Outsize fantasies like these are, at their root, similar to simpler ones – a date, a cocktail, the ability to eavesdrop again – in that they are all expressions of an intense human need to connect.
“They are fantasising about what they’re missing right now,” says Deirdre Barrett, a psychologist who teaches at Harvard Medical School. “These daydreams serve as a substitute, which gives them some of the pleasure the real experience would.”
Hold on to hope
At a time in which many people have lost loved ones or are struggling to pay their bills, feed their families and hold on to their homes, fantasising about better times is not necessarily a given.
“We forget that imagination isn’t just about the positive,” says Peg O’Connor, a professor of ethics at Gustavus Adolphus College in Minnesota. “To always think of imagination as a good thing is a danger. A lot of people can’t imagine good, joyful, hopeful things because they are not able to or their lives have had so much difficulty that it feels foolhardy to.”
This is echoed by April Toure, a psychiatrist who specialises in working with children and adolescents at Maimonides Medical Centre in New York.

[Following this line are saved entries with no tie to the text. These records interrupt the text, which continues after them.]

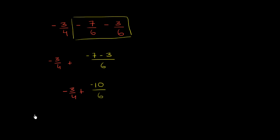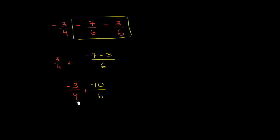And now I have to worry about finding a common denominator. Let me write that so they look a little bit, they have a similar size. Negative 3/4. So now I have to worry about finding a common denominator. What is the smallest number that is a multiple of both 4 and 6? Well, it might jump out at you that it's 12.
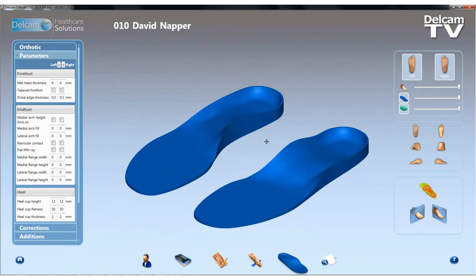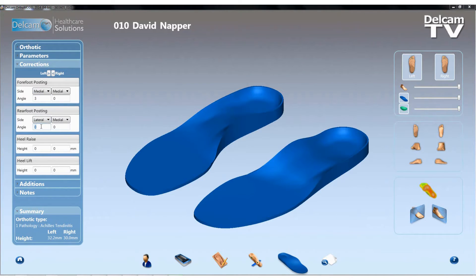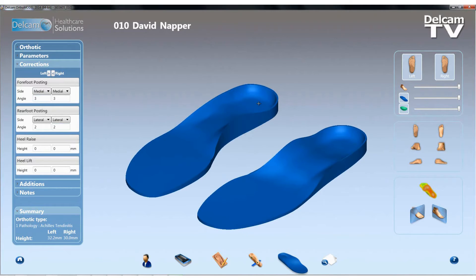So that's the new heel thickness option. Now if I move down to the corrections section of the interface, I'll set up a correction for the left foot. I want a forefoot post angle of 3 degrees to the medial side and a rear foot post to the lateral side of 2 degrees. So my left orthotic is now set correctly. Now if I want exactly the same parameters on the right hand side, we can use these mirroring options. If I click the button which will send the values across to the right hand side, all those values are sent across and we effectively mirror the corrections from one side to the other.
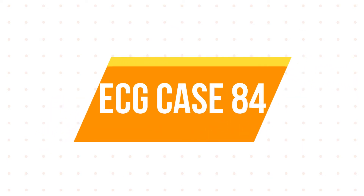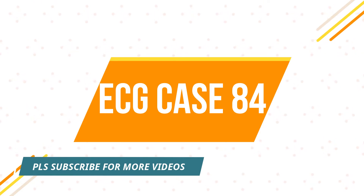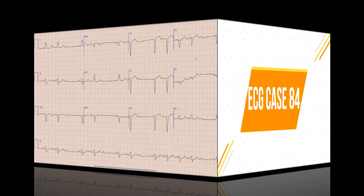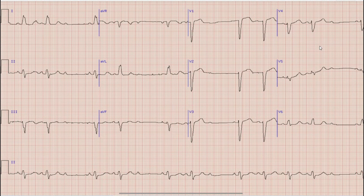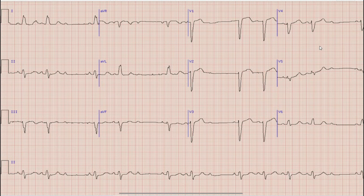Hello everyone and welcome to another video on ECG. My name is Dr. Vajesh Shibir, I have done FCPS in cardiology. This is the ECG which we are going to discuss today. Before going into detail of this ECG, as always, pause your video, note down the findings and diagnosis yourself so that at the end of the video you can compare your findings with the discussion done in this video.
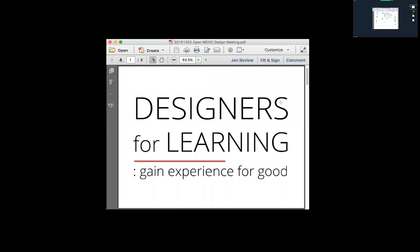Tonight is Wednesday, December 2nd, 2015, and this is a Designers for Learning design team meeting to talk about our open adult basic education MOOC that we are developing in Canvas.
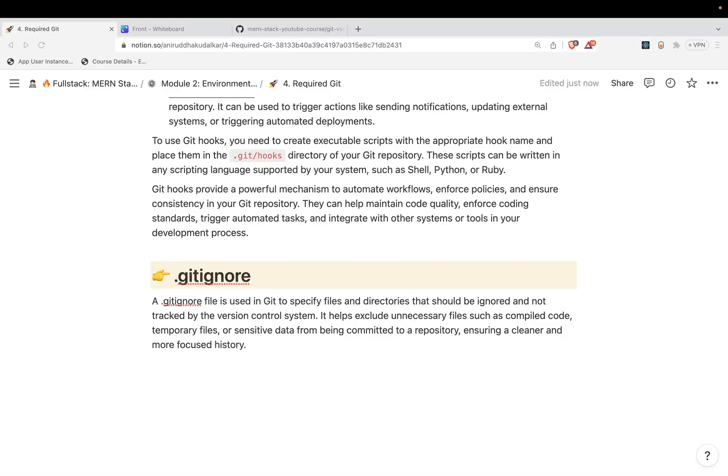Hi, now a very important concept but very simple concept, that is git ignore. What I want to do is exclude some files from the version control system. I don't want to consider those files.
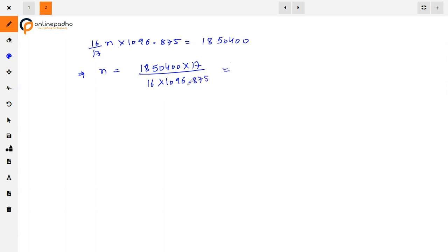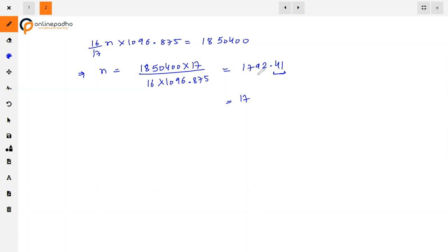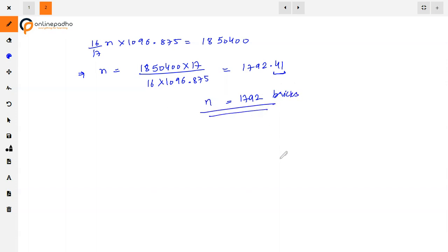After calculation, we get 1792.41, and since the decimal is less than 0.5 we round down. Therefore, the number of bricks that can be put in is 1792 bricks. That is our answer.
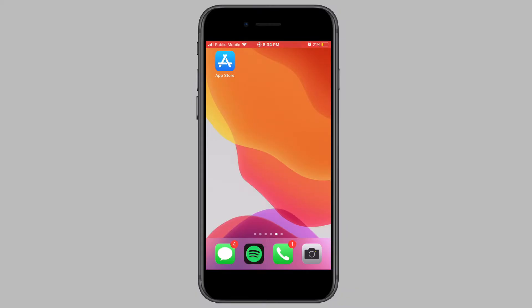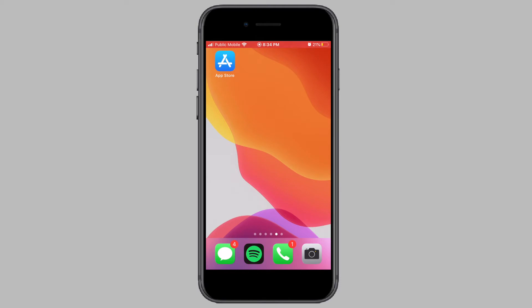Hey guys, in this video I will be showing you how to recover deleted apps on your iPhone or iPad. Recently I was trying to find an app that I deleted a few months ago from my iPhone to free up some storage space. However, when I started looking for the app, I could no longer find it because I did not remember the exact name of the app.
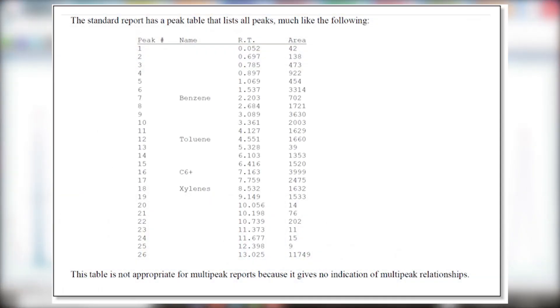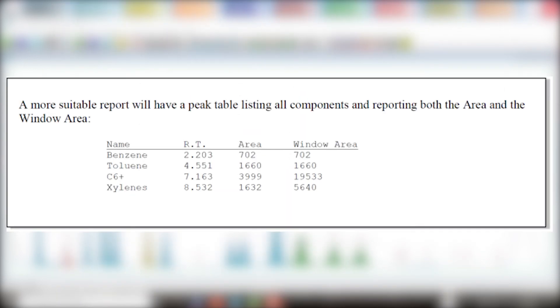Let's look at how this is reported. The standard report has a peak table that lists all peaks, much like the following. This table is not appropriate for multi-peak reports because it gives no indication of multi-peak relationships. A more suitable report will have a peak table listing all components and reporting both the area and the window area.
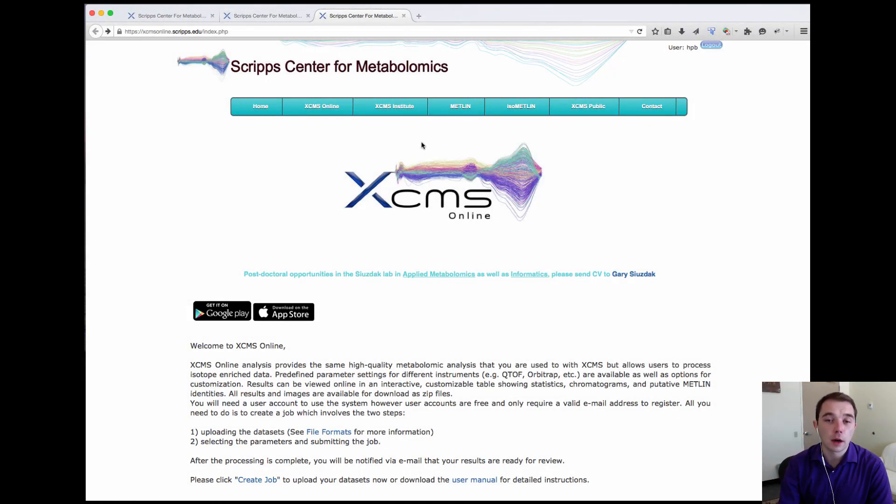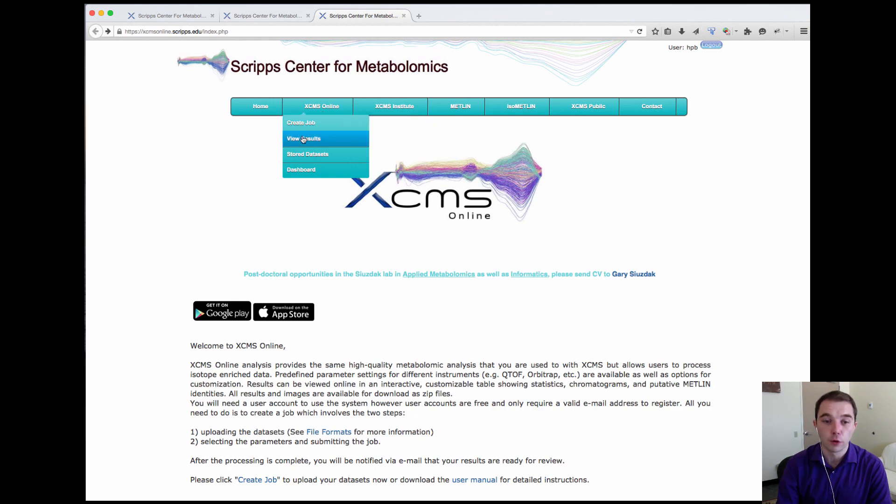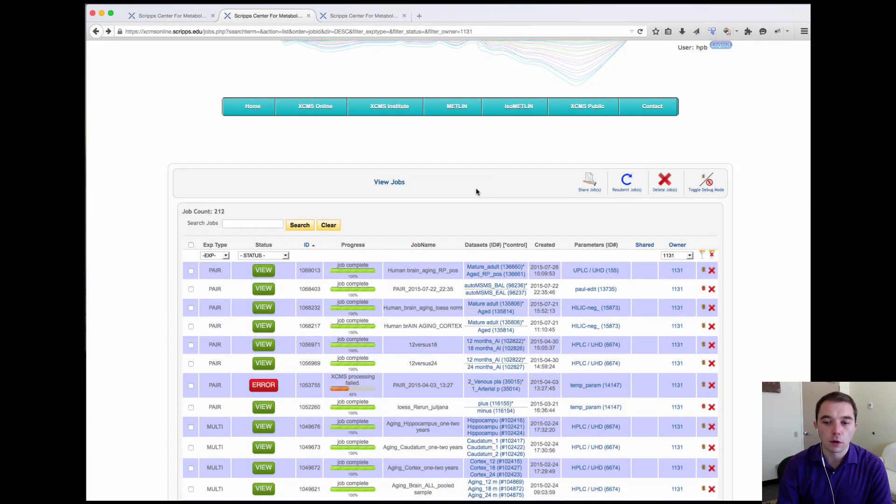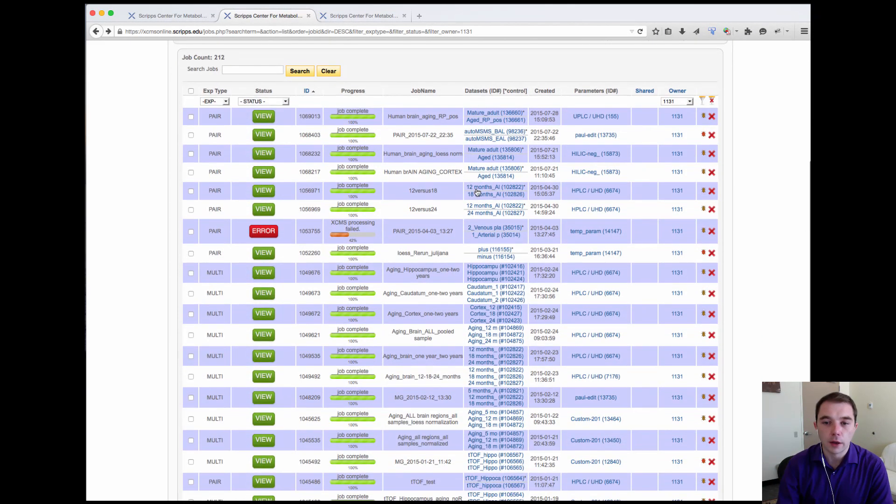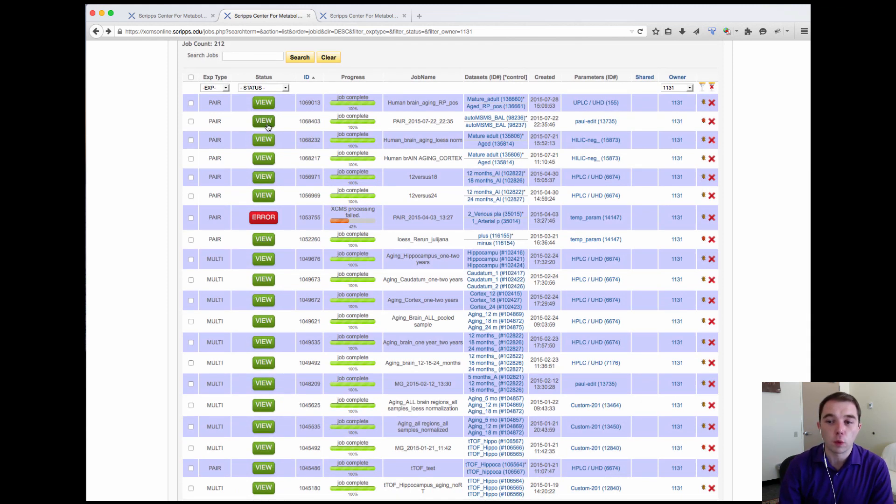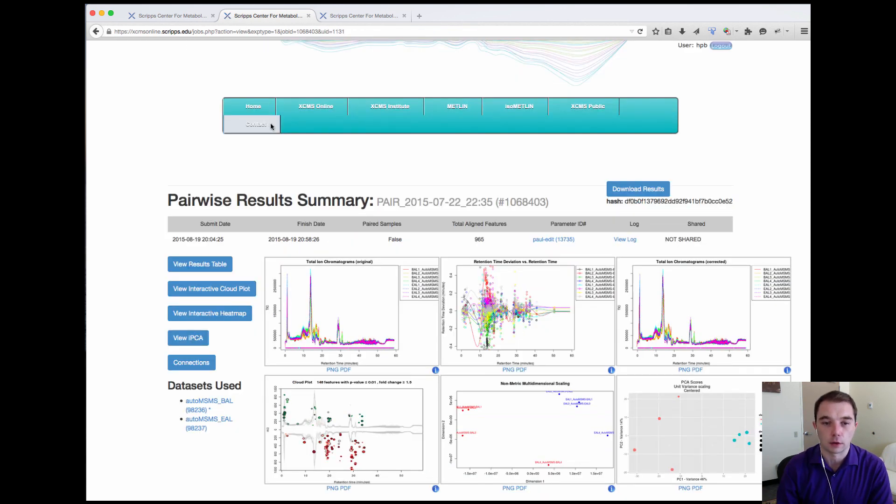You can see that I'm already at the start page and from here to view my results I can simply go to the XCMS Online view results tab. From here I can see all of the different results and I can view this one result that I ran with some MSMS data in it.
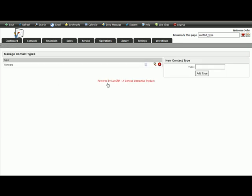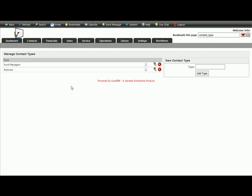It's simply a case of putting in a new contact type, click add, there we go.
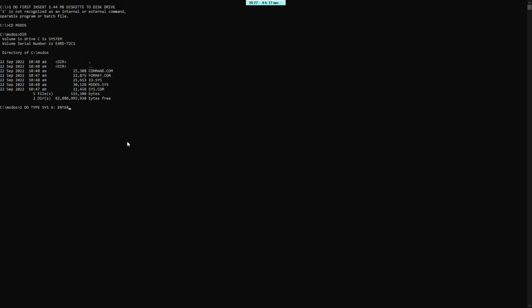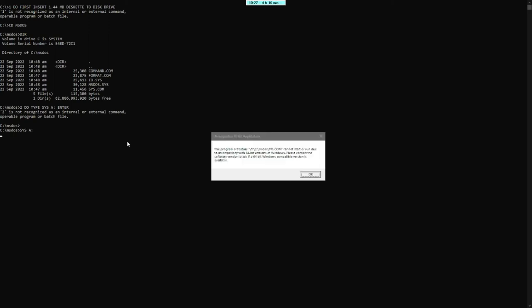Pagkatapos yun, magsisistem na siya. Enter. Makakopya na lahat ng system transfer sa Plapidis.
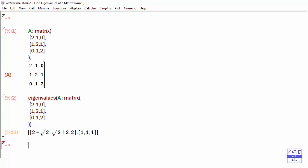You can see that we get two lists. First we get a list of the three eigenvalues, and then the second list tells us how many of each of them we have. We have three individual eigenvalues, none of them being repeated. So 2 minus root 2, root 2 plus 2, and 2 are our three eigenvalues.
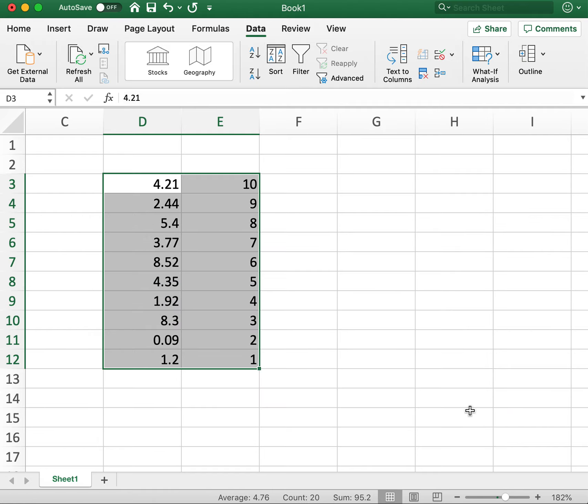Then when we hit OK, it will flip them around just like we want. Now you can see this goes 10, 9, 8, 7, 6.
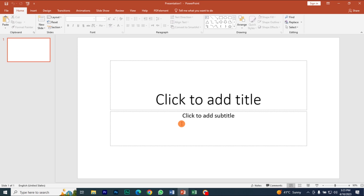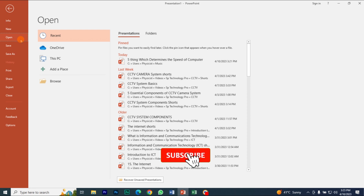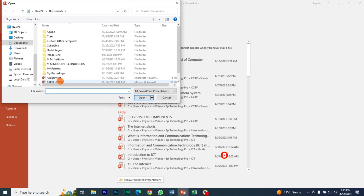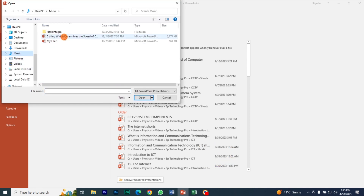Hi everyone, this is how to open an existing Microsoft PowerPoint presentation. First thing to do: go to the File tab menu at the left corner of your screen, then click on Open and choose Browse to browse for the location where you have saved your file. This is the file I wanted to open.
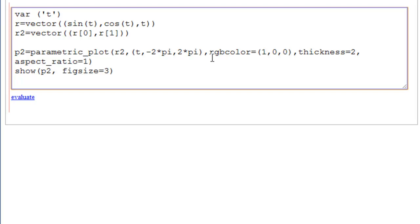And this time, instead of using color equal to red, we have used the other command, RGB color, which goes from red, green, blue. And the numbers in here have to be between 0 and 1.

“Even though it’s not considered a core symptom of depression, the absence of hope is a common symptom,” Toure says. Future thinking, or “the imagination and belief that something better is coming”, is crucial to getting through hard times.
Holding on to hope, even about one simple, mundane thing can make a big difference, O’Connor says.
“I’m not daydreaming of big trips,” she says. “I can’t wait to hug my mum.”